SUPPLIED MATERIAL below:

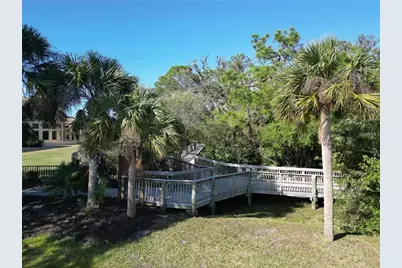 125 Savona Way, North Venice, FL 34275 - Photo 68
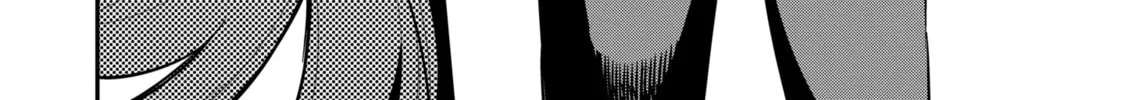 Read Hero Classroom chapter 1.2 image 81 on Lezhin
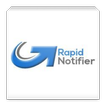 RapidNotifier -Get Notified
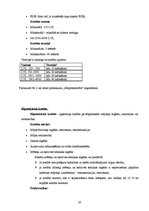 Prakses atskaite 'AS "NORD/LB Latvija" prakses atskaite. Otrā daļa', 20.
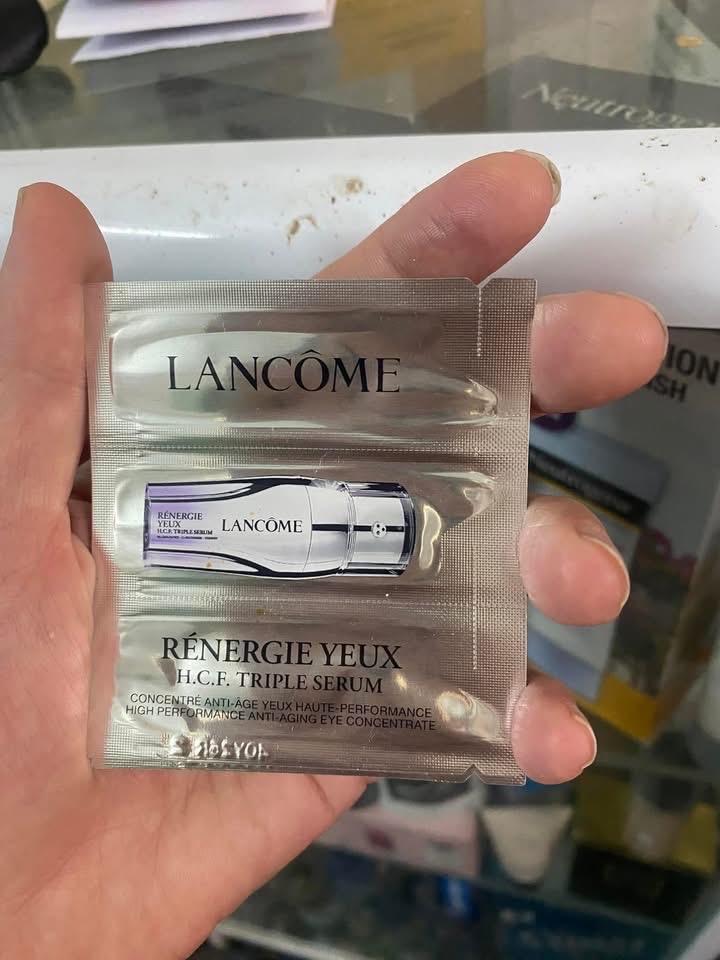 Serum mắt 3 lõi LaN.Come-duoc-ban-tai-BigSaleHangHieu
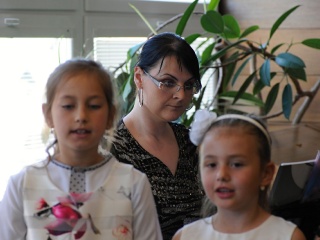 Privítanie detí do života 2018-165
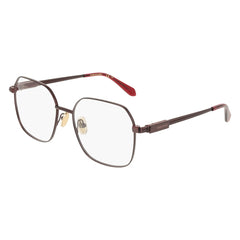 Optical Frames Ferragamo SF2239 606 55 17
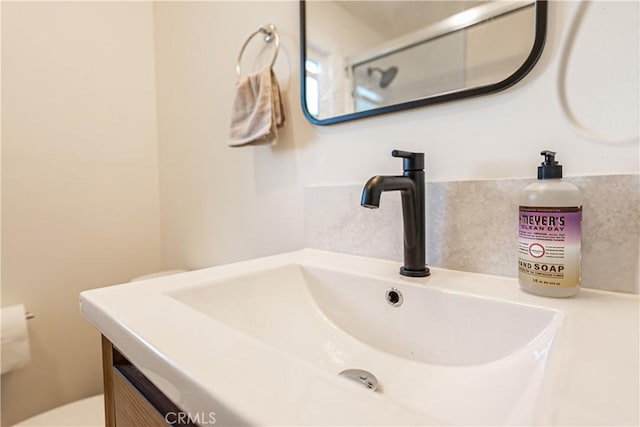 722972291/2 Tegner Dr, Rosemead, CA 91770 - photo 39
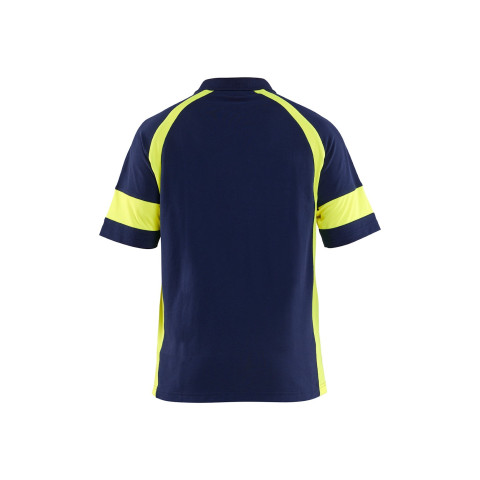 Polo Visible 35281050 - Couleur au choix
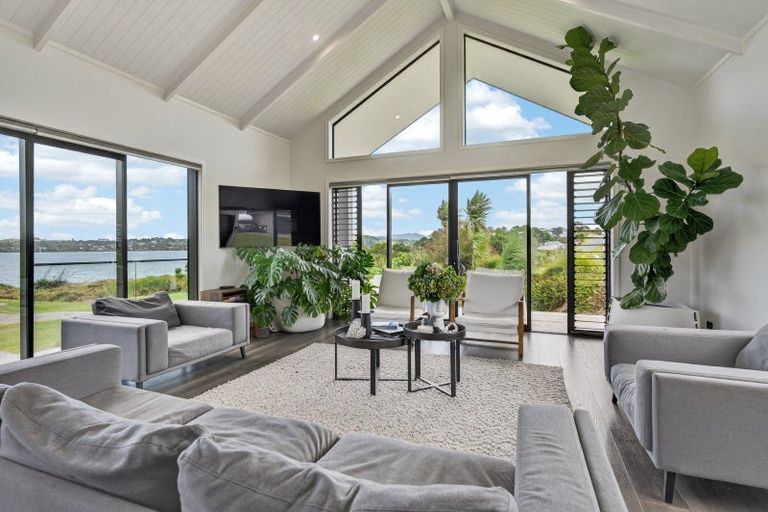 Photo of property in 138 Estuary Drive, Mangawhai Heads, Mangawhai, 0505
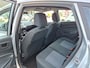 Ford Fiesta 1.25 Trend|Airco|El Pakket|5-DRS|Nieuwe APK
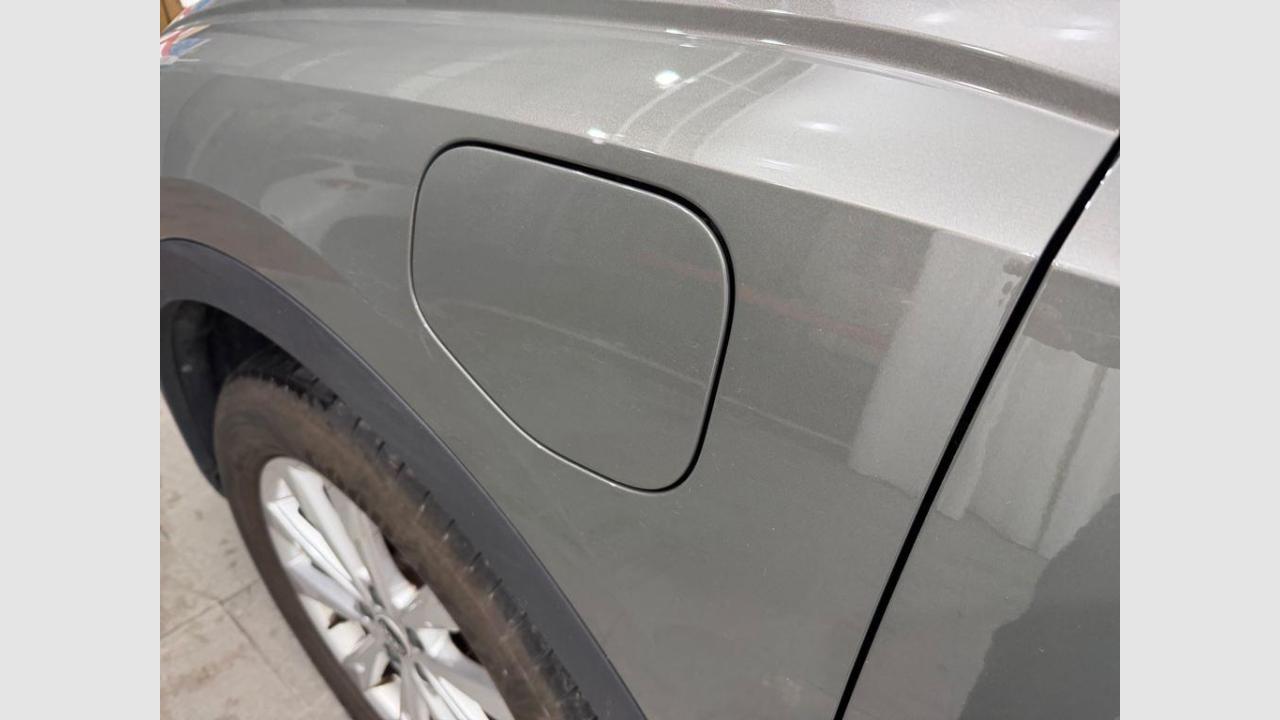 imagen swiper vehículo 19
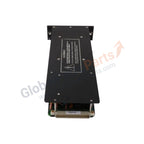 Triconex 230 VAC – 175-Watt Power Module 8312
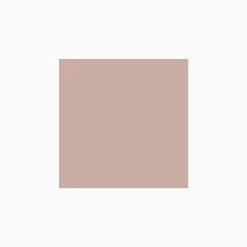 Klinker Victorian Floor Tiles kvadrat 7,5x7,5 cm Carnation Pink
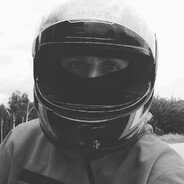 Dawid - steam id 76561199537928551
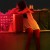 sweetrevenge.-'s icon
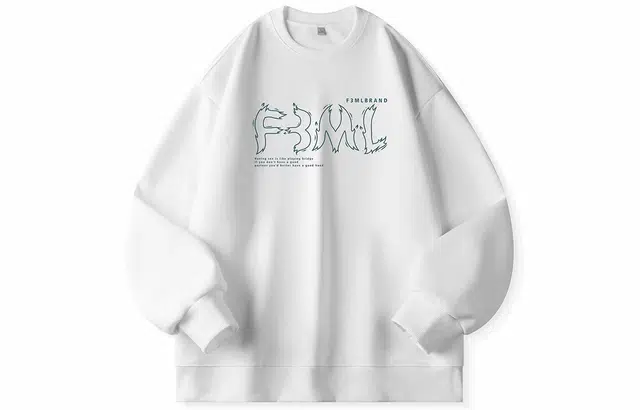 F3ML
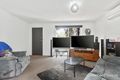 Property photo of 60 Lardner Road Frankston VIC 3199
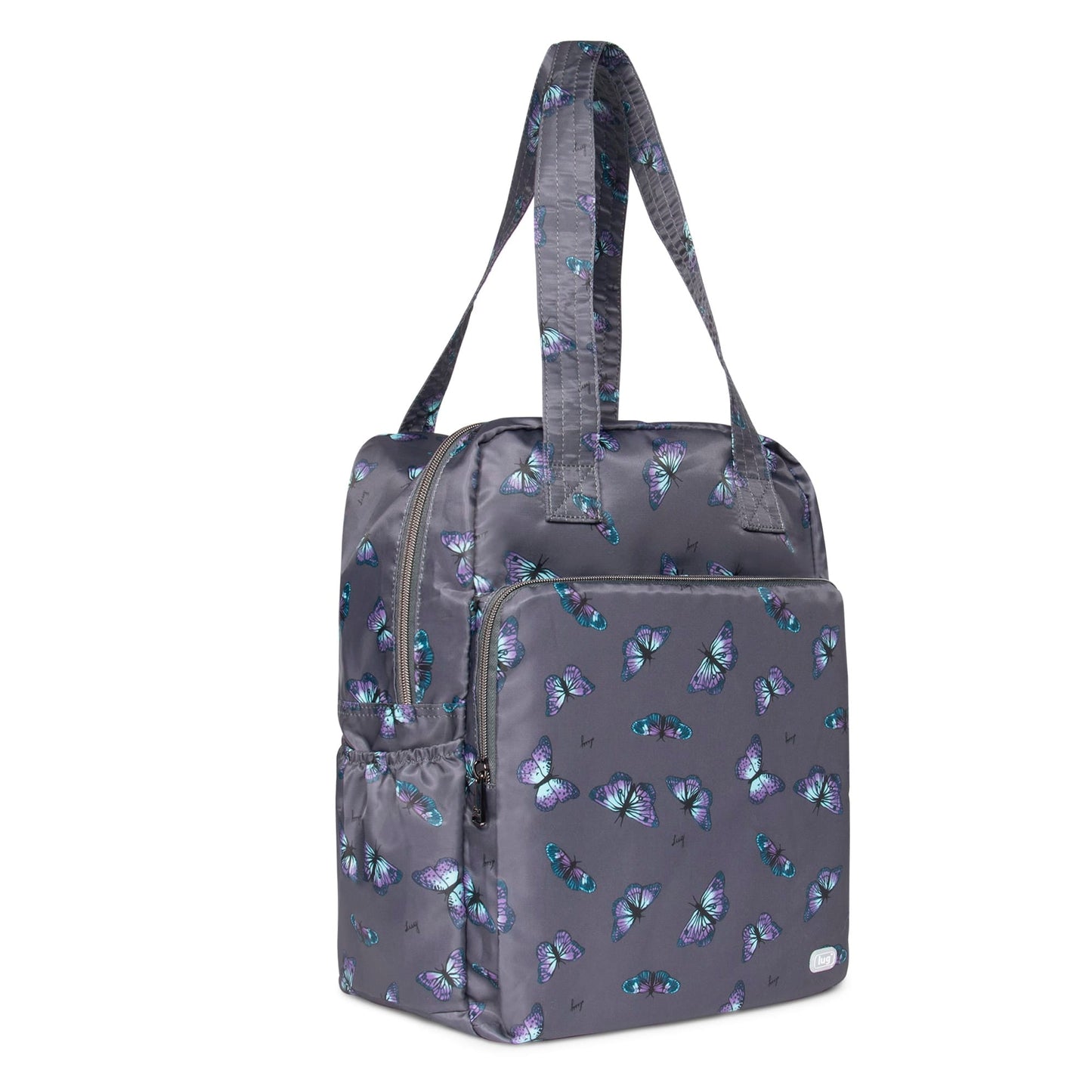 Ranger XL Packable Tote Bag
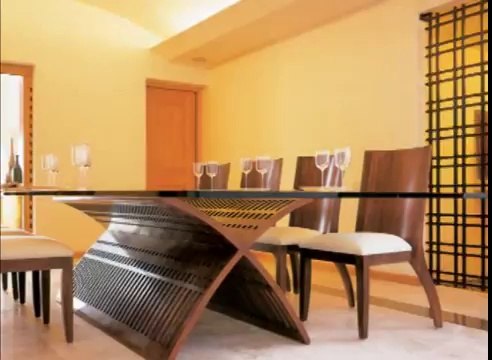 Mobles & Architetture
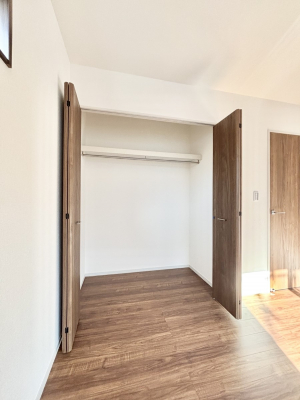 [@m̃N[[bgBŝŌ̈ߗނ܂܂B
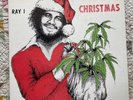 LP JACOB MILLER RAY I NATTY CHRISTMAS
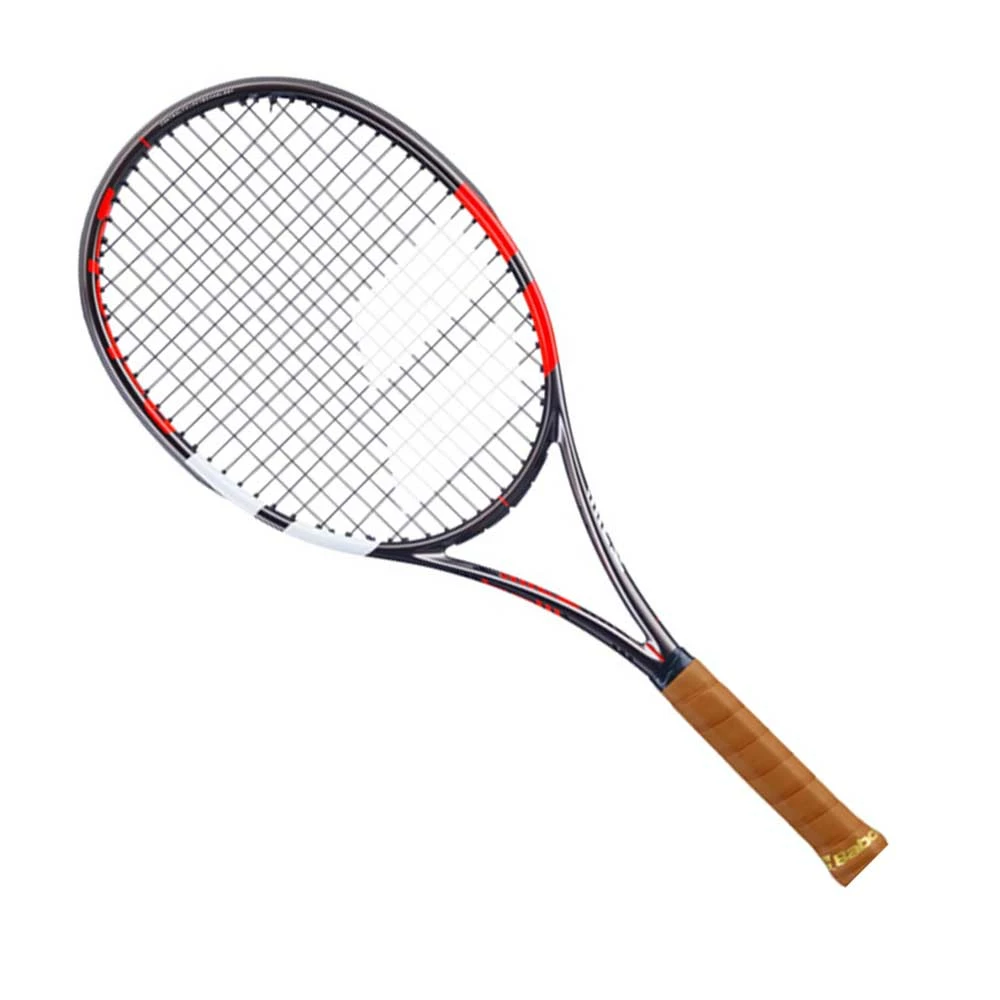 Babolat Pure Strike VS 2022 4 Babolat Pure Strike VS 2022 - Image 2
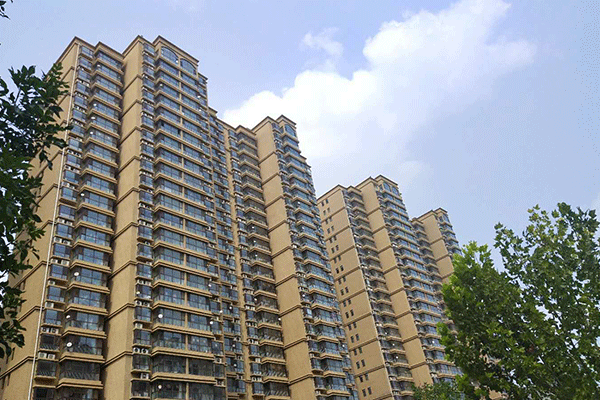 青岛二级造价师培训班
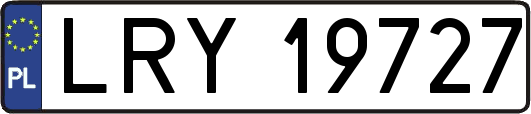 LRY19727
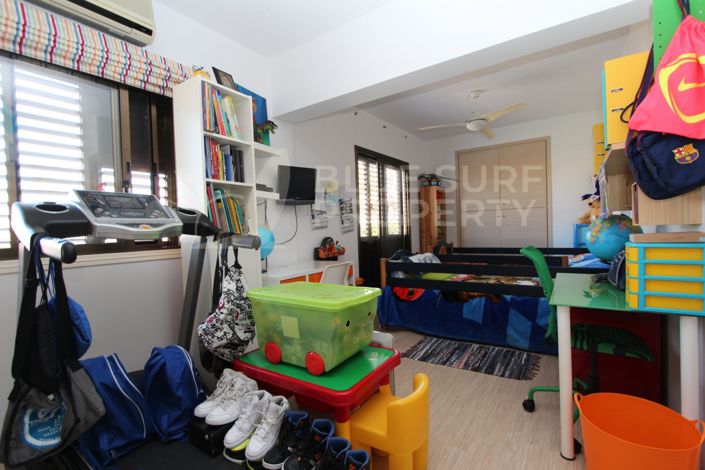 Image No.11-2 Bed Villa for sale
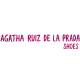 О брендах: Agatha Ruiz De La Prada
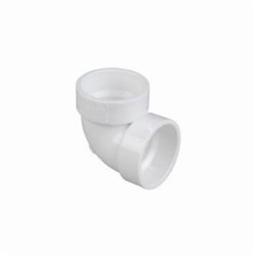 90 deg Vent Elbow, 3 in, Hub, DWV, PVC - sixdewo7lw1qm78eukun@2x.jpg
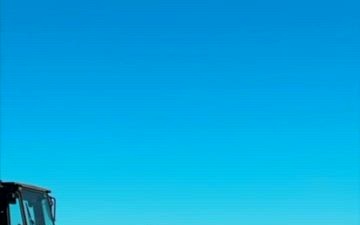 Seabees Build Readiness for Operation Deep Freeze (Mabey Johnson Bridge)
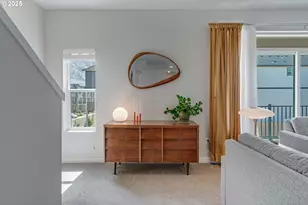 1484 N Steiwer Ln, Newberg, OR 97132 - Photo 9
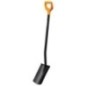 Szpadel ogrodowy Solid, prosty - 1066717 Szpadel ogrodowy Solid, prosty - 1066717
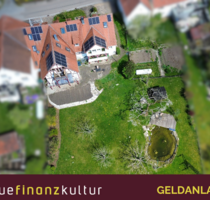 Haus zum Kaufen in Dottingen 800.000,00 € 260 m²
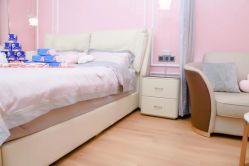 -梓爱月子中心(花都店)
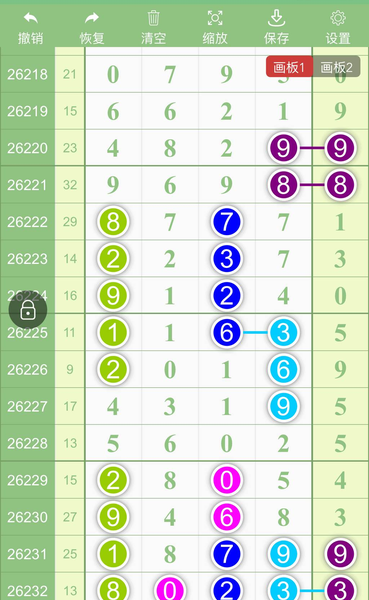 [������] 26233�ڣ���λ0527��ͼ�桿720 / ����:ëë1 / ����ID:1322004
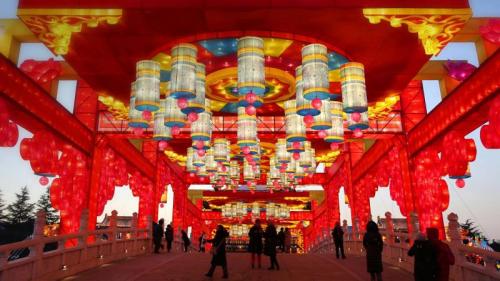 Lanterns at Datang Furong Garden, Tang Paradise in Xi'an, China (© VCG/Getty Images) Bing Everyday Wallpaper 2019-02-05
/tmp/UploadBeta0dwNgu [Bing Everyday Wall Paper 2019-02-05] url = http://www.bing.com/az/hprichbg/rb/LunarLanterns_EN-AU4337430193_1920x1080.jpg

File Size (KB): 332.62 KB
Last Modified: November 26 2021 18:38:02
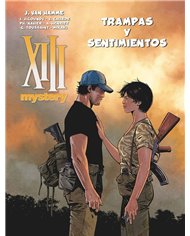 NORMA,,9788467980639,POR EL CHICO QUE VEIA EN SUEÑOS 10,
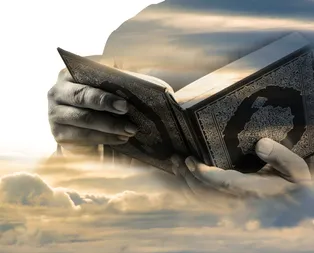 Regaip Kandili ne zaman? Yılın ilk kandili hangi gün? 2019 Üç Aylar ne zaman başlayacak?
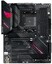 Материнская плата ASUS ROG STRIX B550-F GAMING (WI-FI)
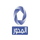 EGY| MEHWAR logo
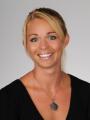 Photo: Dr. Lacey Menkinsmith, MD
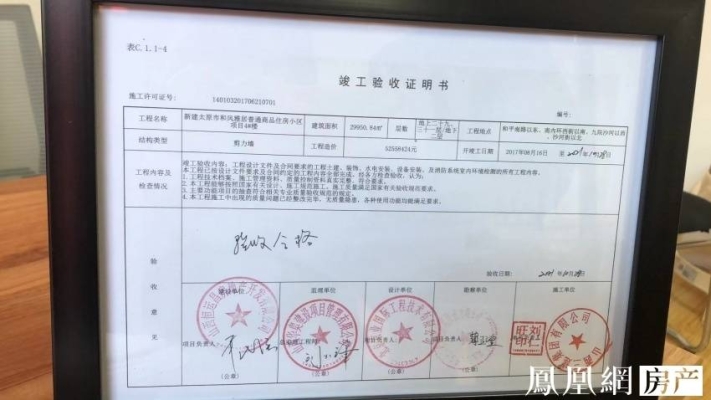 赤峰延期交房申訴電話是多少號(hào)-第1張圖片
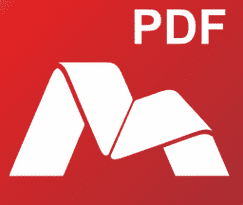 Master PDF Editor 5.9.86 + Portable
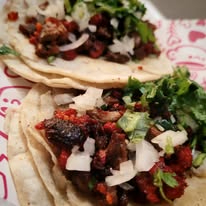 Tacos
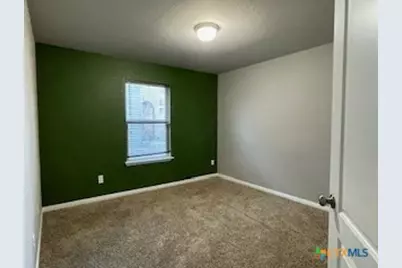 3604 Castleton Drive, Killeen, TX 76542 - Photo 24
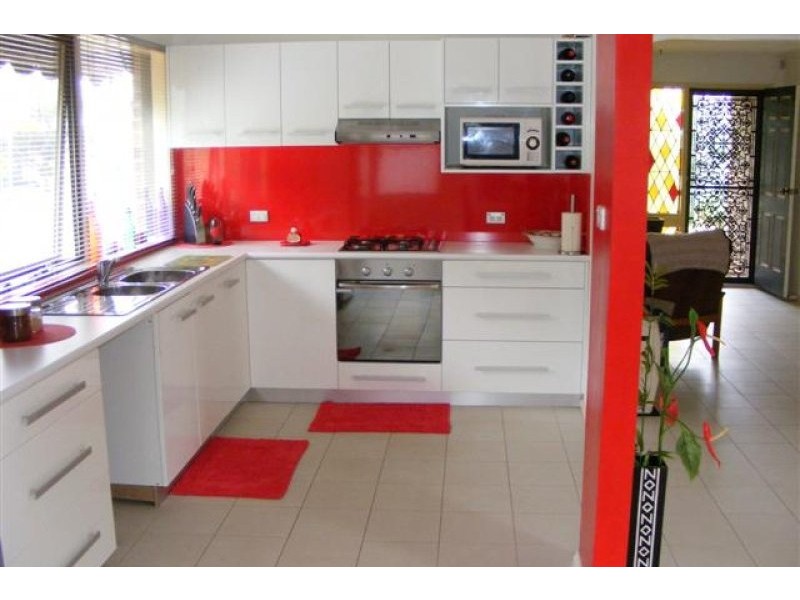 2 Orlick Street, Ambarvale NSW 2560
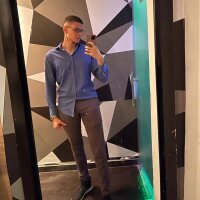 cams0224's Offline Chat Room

End of SUPPLIED MATERIAL.

§ **GOAL OF THE EXERCISE**
Copy the records exactly. Skip any pictures.

§ **TASK RESPONSE**
 125 Savona Way, North Venice, FL 34275 - Photo 68
 Read Hero Classroom chapter 1.2 image 81 on Lezhin
 RapidNotifier -Get Notified
 Prakses atskaite 'AS "NORD/LB Latvija" prakses atskaite. Otrā daļa', 20.
 Serum mắt 3 lõi LaN.Come-duoc-ban-tai-BigSaleHangHieu
 Privítanie detí do života 2018-165
 Optical Frames Ferragamo SF2239 606 55 17
 722972291/2 Tegner Dr, Rosemead, CA 91770 - photo 39
 Polo Visible 35281050 - Couleur au choix
 Photo of property in 138 Estuary Drive, Mangawhai Heads, Mangawhai, 0505
 Ford Fiesta 1.25 Trend|Airco|El Pakket|5-DRS|Nieuwe APK
 imagen swiper vehículo 19
 Triconex 230 VAC – 175-Watt Power Module 8312
 Klinker Victorian Floor Tiles kvadrat 7,5x7,5 cm Carnation Pink
 Dawid - steam id 76561199537928551
 sweetrevenge.-'s icon
 F3ML
 Property photo of 60 Lardner Road Frankston VIC 3199
 Ranger XL Packable Tote Bag
 Mobles & Architetture
 [@m̃N[[bgBŝŌ̈ߗނ܂܂B
 LP JACOB MILLER RAY I NATTY CHRISTMAS
 Babolat Pure Strike VS 2022 4 Babolat Pure Strike VS 2022 - Image 2
 青岛二级造价师培训班
 LRY19727
 Image No.11-2 Bed Villa for sale
 О брендах: Agatha Ruiz De La Prada
 90 deg Vent Elbow, 3 in, Hub, DWV, PVC - sixdewo7lw1qm78eukun@2x.jpg
 Seabees Build Readiness for Operation Deep Freeze (Mabey Johnson Bridge)
 1484 N Steiwer Ln, Newberg, OR 97132 - Photo 9
 Szpadel ogrodowy Solid, prosty - 1066717 Szpadel ogrodowy Solid, prosty - 1066717
 Haus zum Kaufen in Dottingen 800.000,00 € 260 m²
 -梓爱月子中心(花都店)
 [������] 26233�ڣ���λ0527��ͼ�桿720 / ����:ëë1 / ����ID:1322004
 Lanterns at Datang Furong Garden, Tang Paradise in Xi'an, China (© VCG/Getty Images) Bing Everyday Wallpaper 2019-02-05
/tmp/UploadBeta0dwNgu [Bing Everyday Wall Paper 2019-02-05] url = http://www.bing.com/az/hprichbg/rb/LunarLanterns_EN-AU4337430193_1920x1080.jpg

File Size (KB): 332.62 KB
Last Modified: November 26 2021 18:38:02
 NORMA,,9788467980639,POR EL CHICO QUE VEIA EN SUEÑOS 10,
 Regaip Kandili ne zaman? Yılın ilk kandili hangi gün? 2019 Üç Aylar ne zaman başlayacak?
 Материнская плата ASUS ROG STRIX B550-F GAMING (WI-FI)
 EGY| MEHWAR logo
 Photo: Dr. Lacey Menkinsmith, MD
 赤峰延期交房申訴電話是多少號(hào)-第1張圖片
 Master PDF Editor 5.9.86 + Portable
 Tacos
 3604 Castleton Drive, Killeen, TX 76542 - Photo 24
 2 Orlick Street, Ambarvale NSW 2560
 cams0224's Offline Chat Room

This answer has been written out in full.